■ PROBLEM DETAILS
Two lines below mark the span: the one containing "Achim Home Furnishing: Peri" and the one containing "Seasonal temperature outlook". Set down both, plus every line between, exactly as they stand, and nothing else.

---------- EXERCISE DATA ----------

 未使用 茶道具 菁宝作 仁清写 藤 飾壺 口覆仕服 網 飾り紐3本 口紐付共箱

----------
---------- EXERCISE DATA ----------

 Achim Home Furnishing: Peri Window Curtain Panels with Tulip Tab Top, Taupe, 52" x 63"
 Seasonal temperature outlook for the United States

----------

■ ANSWER TO THE EXERCISE
 Achim Home Furnishing: Peri Window Curtain Panels with Tulip Tab Top, Taupe, 52" x 63"
 Seasonal temperature outlook for the United States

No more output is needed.